#### Available data
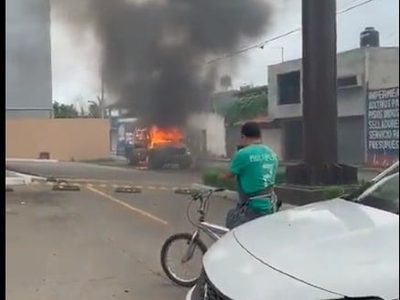 Hombres armados bloquean carreteras y queman vehículos en Uruapan, Michoacán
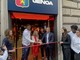 La pioggia non ferma i tifosi, in centinaia oggi per l’apertura del nuovo Genoa Store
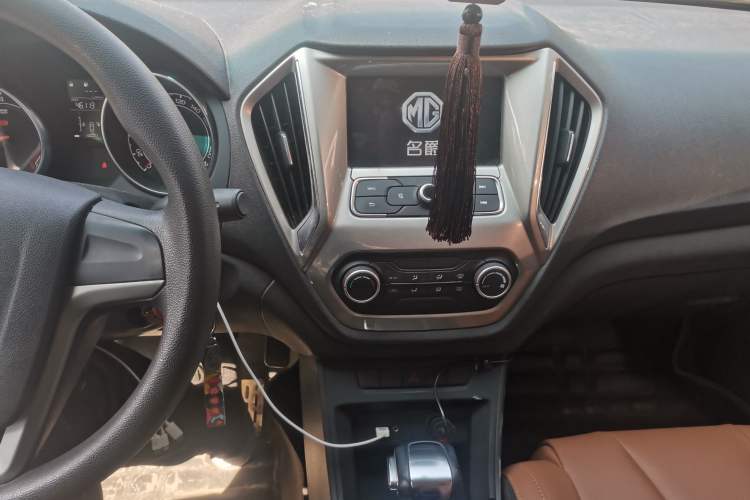 Used MG GT 2016 1.5L Automatic Value-Added Luxury Edition Audio And AC Panel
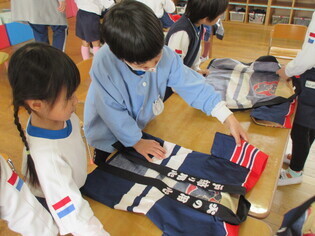 幼年消防クラブ引き継ぎ式に参加している子どもたちの写真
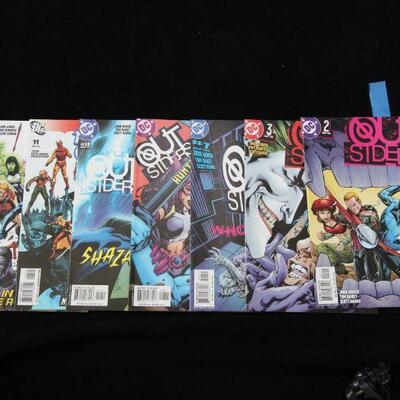 The Outsiders Lot containing 7 issues. (2003,DC)  9.0 VF/NM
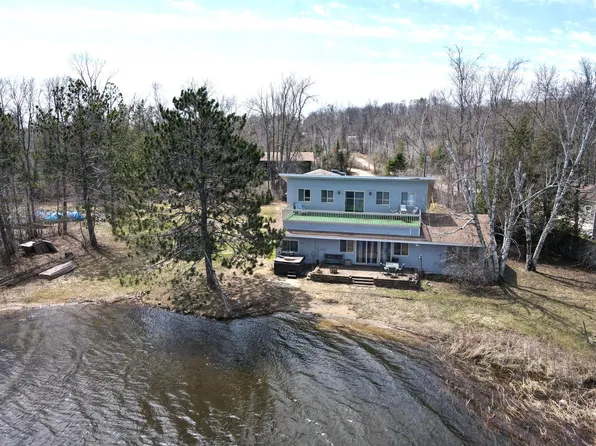 4075 Woodhill Dr, Loretto, MN 55357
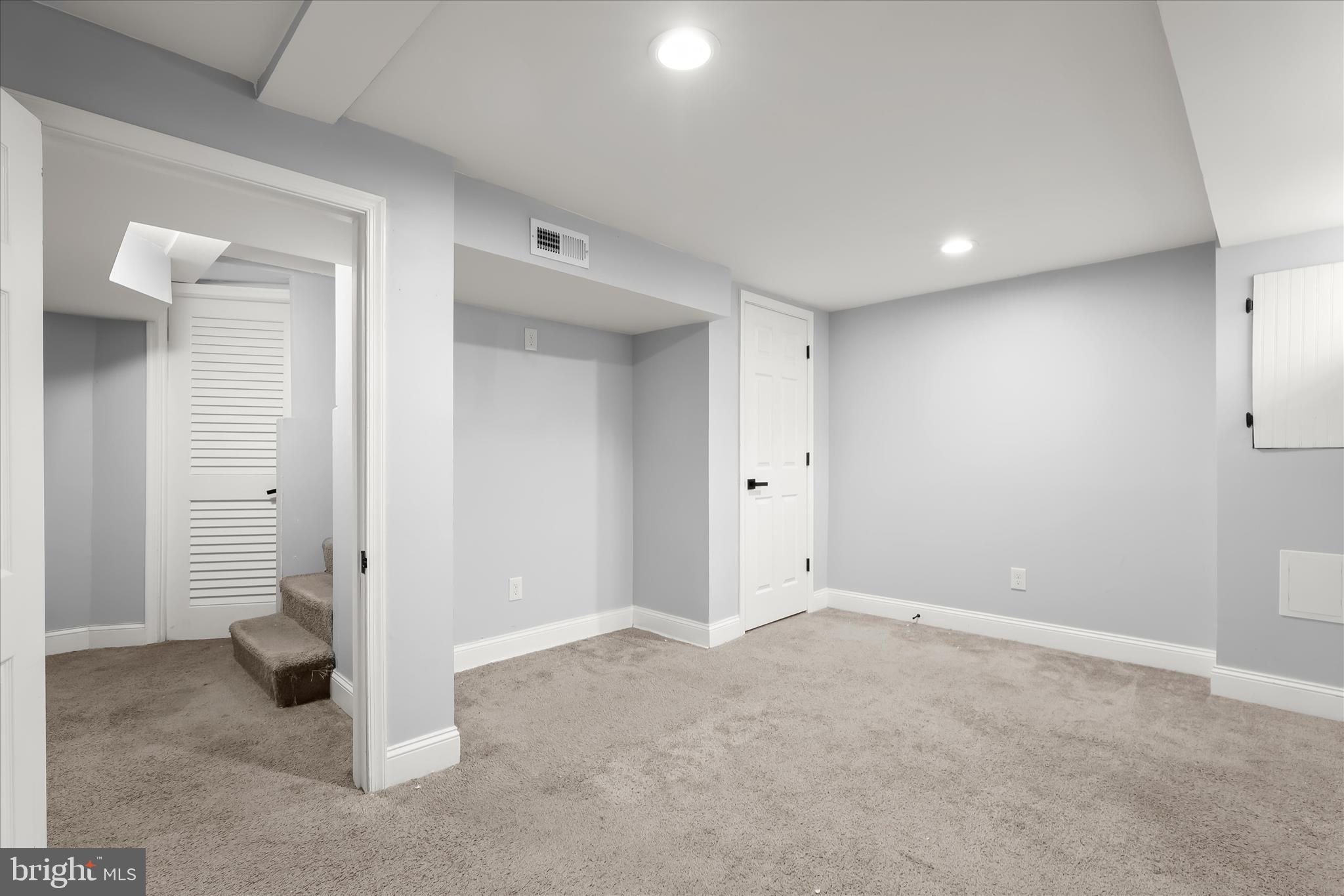 YALE HEIGHTS - Residential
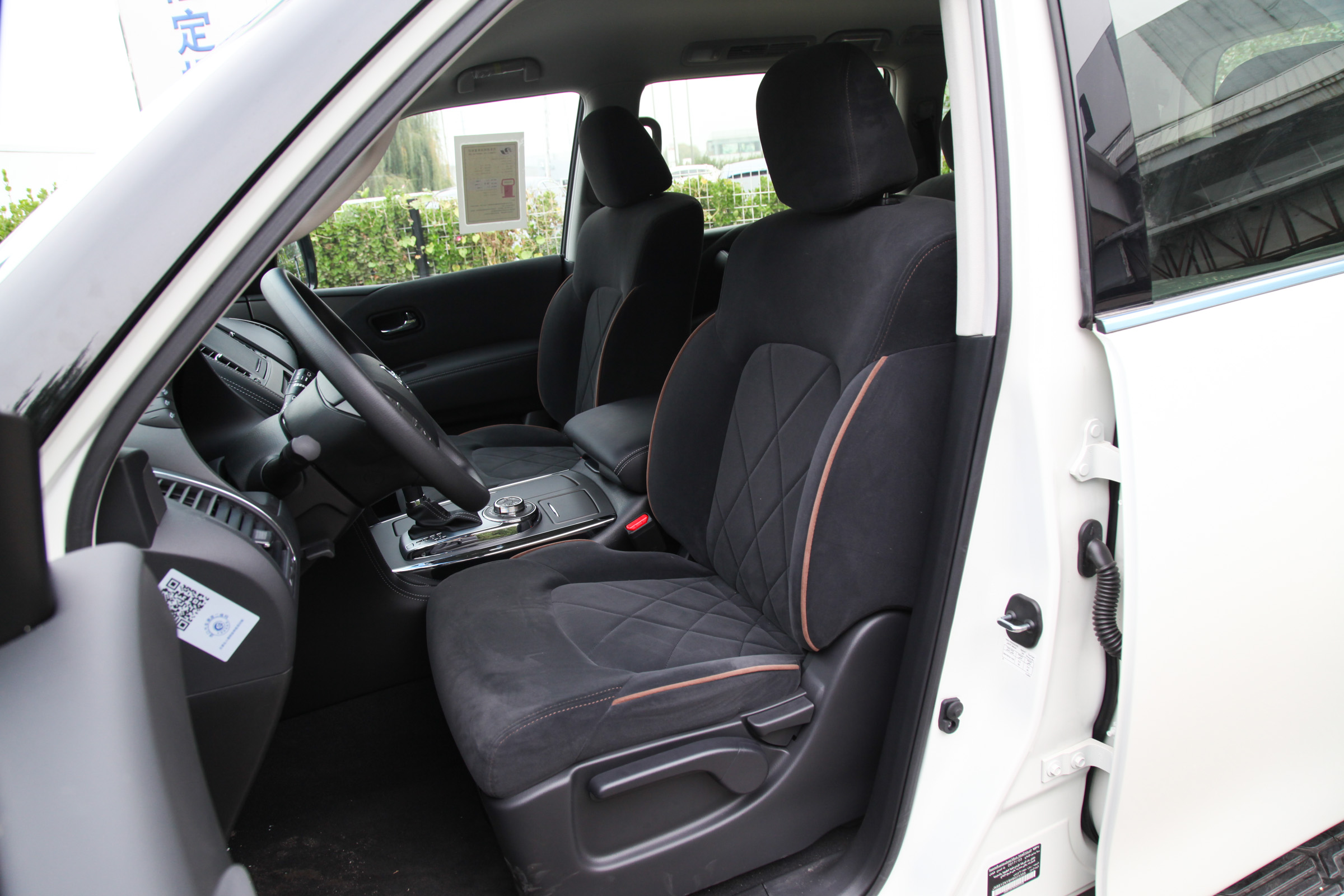 日产途乐4.0铂金版陆巡,日产途乐四驱越野不输牧马人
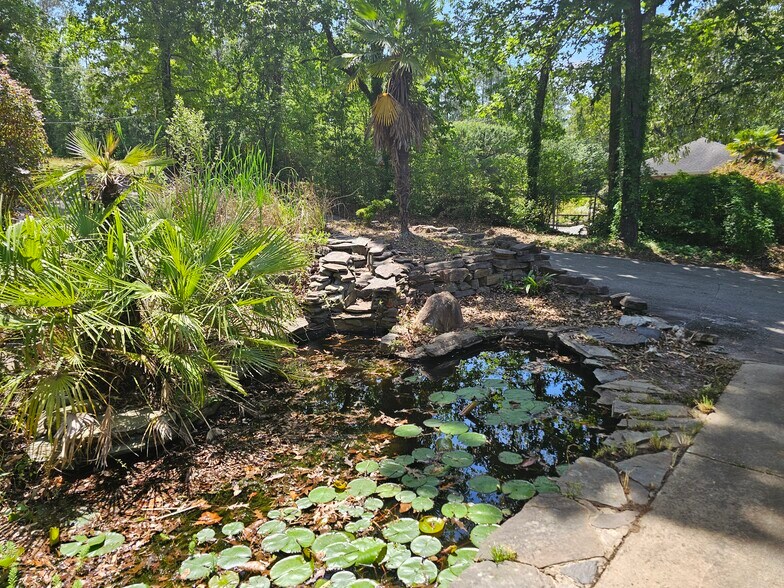 More Photos Of 301 Ramblin Rd, West Columbia Office For Sale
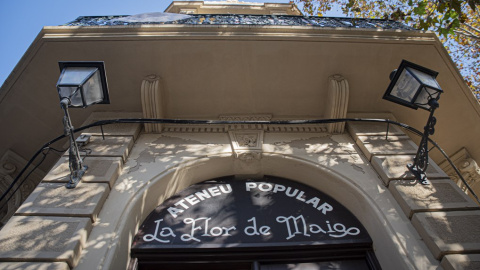 Façana de l'ateneu popular Flor de maig.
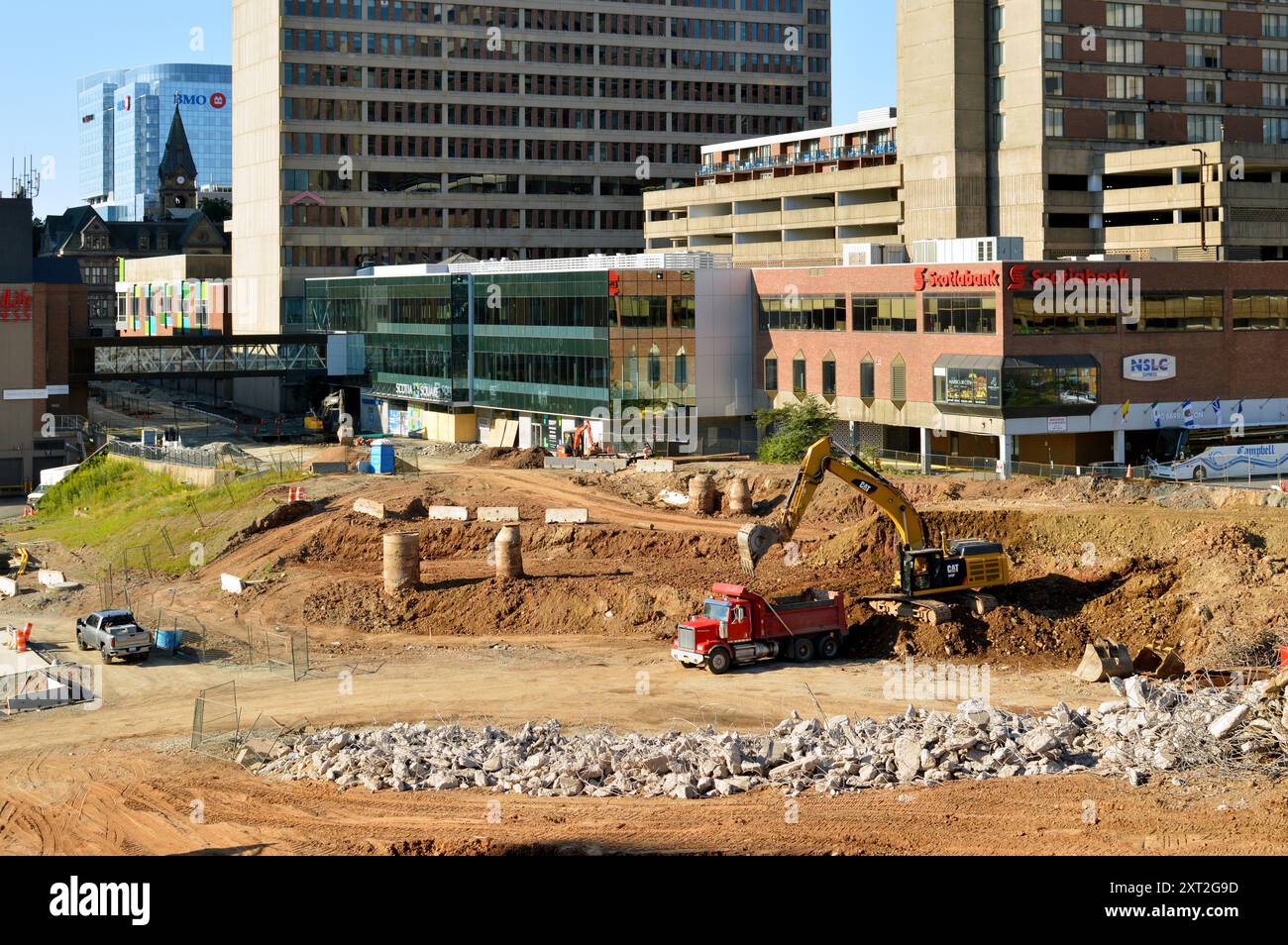Macchinari per l'edilizia pesante in funzione di fronte a Scotia Square nel sito di riqualificazione Cogswell Interchange a Halifax, nuova Scozia, Canada Foto Stock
########
Exercise prompt: Retype the records verbatim, excluding each image they hold.

Result of this task:
 Hombres armados bloquean carreteras y queman vehículos en Uruapan, Michoacán
 La pioggia non ferma i tifosi, in centinaia oggi per l’apertura del nuovo Genoa Store
 Used MG GT 2016 1.5L Automatic Value-Added Luxury Edition Audio And AC Panel
 幼年消防クラブ引き継ぎ式に参加している子どもたちの写真
 The Outsiders Lot containing 7 issues. (2003,DC)  9.0 VF/NM
 4075 Woodhill Dr, Loretto, MN 55357
 YALE HEIGHTS - Residential
 日产途乐4.0铂金版陆巡,日产途乐四驱越野不输牧马人
 More Photos Of 301 Ramblin Rd, West Columbia Office For Sale
 Façana de l'ateneu popular Flor de maig.
Macchinari per l'edilizia pesante in funzione di fronte a Scotia Square nel sito di riqualificazione Cogswell Interchange a Halifax, nuova Scozia, Canada Foto Stock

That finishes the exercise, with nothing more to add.